9. Some Examples of Interaction of Linguistic and
Extra-linguistic Knowledge in Interpretation.

Fixing a border between linguistic and extra-linguistic (domain-specific) knowledge is a rather hard task. Consider the following text of a problem: "Две машины выехали из двух городов... Каково будет расстояние между ними через два ча- са?" ("Two cars departed from two cities... What will be the distance between them in two hours?") What is the way of grasping that the words "между ними" ("between them") refer to the cars rather than the cities? One may state that a time pointer appearing in the question part plays its specific role. In fact the pointer would be redundant in case we would refer to cities, i.e., to immoveable objects. The argument (not being easily formalized within the proposed model) leads to the conclusion that establishing an anaphoric link we must always avoid variants defying interpretation in the given domain. But this argument can't be applied to language in general or else we would never be able to say absurdities. Could the choice of the pronoun antecedent be influenced by topic-focus relations and not by the concept of constant distance between cities? The word "машины" ("cars") from the first sentence belong to the topic, and "городов" ("cities") neither to the topic nor to the focus? Or maybe both explanations are valid? The more so the statement of the constant distance may be treated (with a certain stretch) as being of linguistic nature: what if the word "расстояние" ("distance") has two different "meanings" - the distance between immoveable objects and the distance between the objects where at least one of them can move; in this case a time pointer can be accepted only in the second variant.

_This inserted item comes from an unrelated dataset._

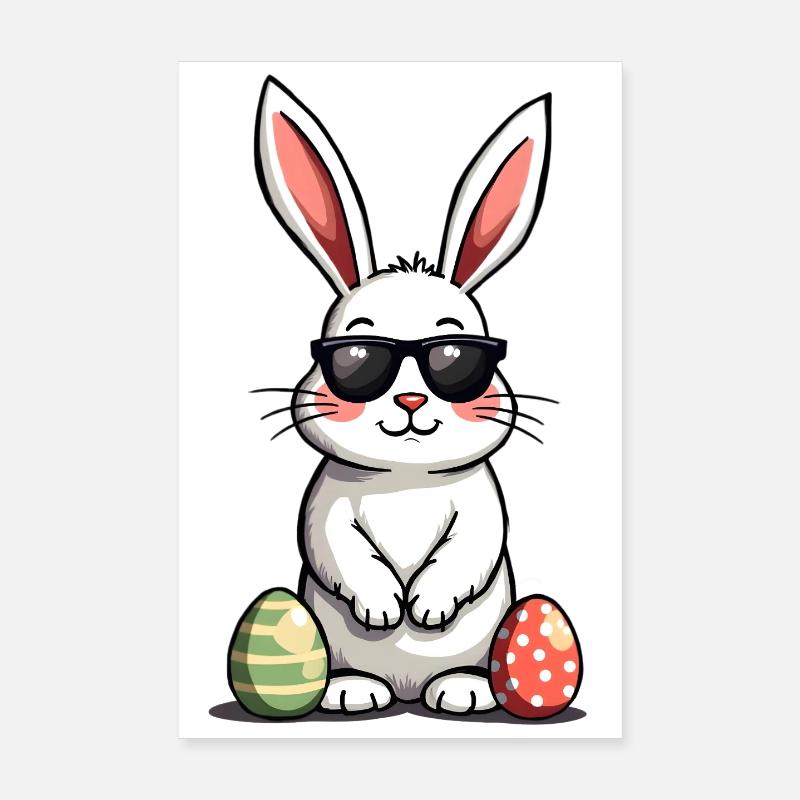 Lapin de Pâques cool Poster 20 x 30 cm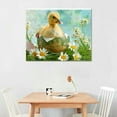 thumbnail image 3 of Nawypu Canvas Prints Wall Art - Peeping Newborn Easter Duckling in a Daisy Garden, 3 of 5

One more example: "Поезду осталось пройти 50 км." ("The train had to pass 50 km more"). For solving problems containing a condition like that usually a model of a composite motion is needed. The model requires three motions to be considered: the one that should be performed (the "whole" motion), the one already performed (indirect referents) and the remaining one (the direct referent). Motions mentioned in other sentences may be merged with one of those three. E.g., in the preceding sentence it could be said that "поезд прошел..." ("the train passed...") or "по- езд должен был пройти..." ("the train had to pass..."). The only feature guiding the merging process is modality (or tense). Thus here the merging of motions is guided by a linguistic feature. And the question remains whether three motions appearing due to the word "осталось" ("remained") is a pure linguistic phenomena?

A more complex example: "Поезд задержался на 15 минут, поэтому, чтобы прибыть на станцию по расписанию, oн увеличил скорость на..." ("The train was delayed to 15 minutes and that's why for arriving at the station in accordance with the schedule it increased the velocity by..."). In order to use the text for the problem solving the word "задержаться" ("to be delayed") must be explained as follows: "to begin an action later than it was planned to". Then the words "поезд задержался на 15 минут" ("the train was delayed by 15 minutes") will produce a net with the following semantic objects: 1. the begining of an action (real), 2. the beginning of the action (planned), 3. time interval between them - the 15 minutes. Then interpreting the subsequent text must lead to merging this not-mentioned action with a motion from some point up to the station (also in the two modalities); a modality of "planned" must be merged with a pointer "according to the schedule". Could we treat the methods like this as legal explanations of the meaning of linguistic units or these are merely tricks?

We must also note that the abundance of the cases making these texts a source of interesting linguistic observations is of somewhat artificial nature. Underlying these facts is the existence of specific "rules of the game" making the author of these texts to fulfill the task of packing complex numerical correlations into rather compact verbal wrapper.

Here is one more example from a simple domain - queries to a database dealing with different staff information: "to find a department where the older the employee is the more he/she earns." Mapping the text to the database structure is not a difficult task. For the comparative construction one must use a model extracting a set of objects being compared and the two compared parametres (age and salary). This model is easily connected with a program testing the age/salary correlation and also, if needed, the translation of the query to the predicate calculus language ("for any two employees of the department if the age of the first exceeds the age of the second..."). This example shows the unexpedience of using an intermediary representation between natural language and a database. It is clear that using the initial formulation (to be more exact - using a comparative construction model) will lead to more efficient computer program than the one resulting from the predicate formula. Actually in a computer program one can sort a set by one of the fields and to test the monotonicity of values of the second field in the sorted sequence. To extract the possibility from the predicate calculus language representation is rather difficult.